1677. The defence is drafted in similar terms to the prior publication defence contained in subsection 35P(3A) of the ASIO Act. Subsection 35P(3A) was inserted following the recommendation of the then- Independent National Security Legislation Monitor, the Hon Roger Gyles AO QC, in his Report on the impact on journalists of the operation of section 35P of the ASIO Act, which was tabled in the Parliament on 2 February 2016.

1678. It is intended that paragraph 122.5(8)(a) will limit the availability of the defence to individuals who did not receive the relevant information in an official capacity. Persons who have received information in their official capacity will not be criminally liable for communicating or dealing with the information in their official capacity, by reason of the defence in subsection 122.5(1). The limitation of the prior publication defence in subsection 122.5(8) to persons who did not receive the relevant information in an official capacity is consistent with the Monitor's recommendation, and the drafting of subsection 35P(3A).

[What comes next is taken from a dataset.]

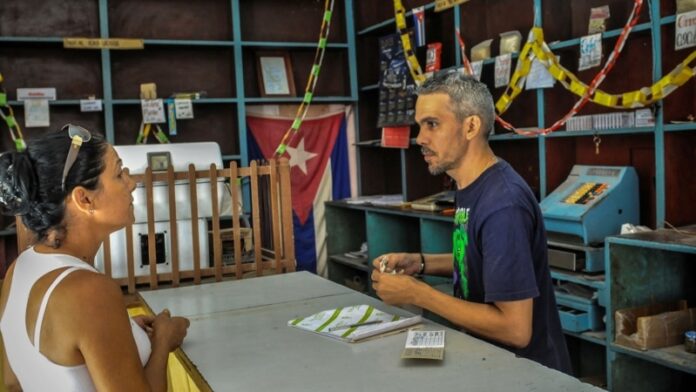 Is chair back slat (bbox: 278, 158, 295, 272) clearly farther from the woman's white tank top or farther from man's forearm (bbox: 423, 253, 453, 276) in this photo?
the woman's white tank top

1679. The defence under subsection 122.5(8) seeks to strike a balance between freedom of expression on the one hand, and recognition that further dissemination of harmful information could cause additional harm on the other hand. Before disclosing information that has already been published, a person must believe on reasonable grounds that the subsequent disclosure will not cause harm. This is because in some cases, even where information is considered to have been published and in the public domain, subsequent disclosure will still result in harm. For example, this would be the case where information is brought into the public domain inadvertently, such as where a security classified document or information provided to the Australian Government in accordance with a legal obligation is revealed as a result of a technical or administrative error. Where steps are quickly taken to reverse the disclosure, subsequent publication of that information is likely to bring that information to the attention of a much greater number of people and could result in considerable new or additional harm.

1680. The Note under the defence at subsection 122.5(8) clarifies that the defendant will bear an evidential burden in relation to this defence. The Guide to Framing Commonwealth Offences provides (at paragraph 4.3.1) that it is appropriate for a matter to be included in an offence-specific defence where it is peculiarly within the knowledge of the defendant and it would be significantly more difficult and costly for the prosecution to disprove than for the defendant to establish the matter. The defence at subsection 122.5(8) satisfies both of these criteria.

1681. The defendant should be readily able to point to evidence founding a suggestion that there is a reasonable possibility that they did not receive the information in an official capacity, the information has already been communicated, or made available, to the public, that the person was not involved in the prior publication, and that they believed on reasonable grounds that their communication would not cause harm to Australia's interests or the security or defence of Australia. It would be difficult and more costly for the prosecution to prove, beyond a reasonable doubt, that the person was not acting in their capacity as a public official, that the information had already been communicated and that the defendant was not involved in the prior communication. To do this, it would be necessary to negate for example the fact that the information has already been communicated or made available to the public in one way or another. Conversely, if the defendant was aware of the particular instance of public communication, it would not be difficult for them to point to relevant evidence to support this fact. Additionally, requiring the prosecution to prove beyond reasonable doubt that a person's conduct was not based on a belief that their communication would not cause harm would prove an insurmountable barrier to a successful prosecution, undermining the deterrent effect of the new general secrecy offences.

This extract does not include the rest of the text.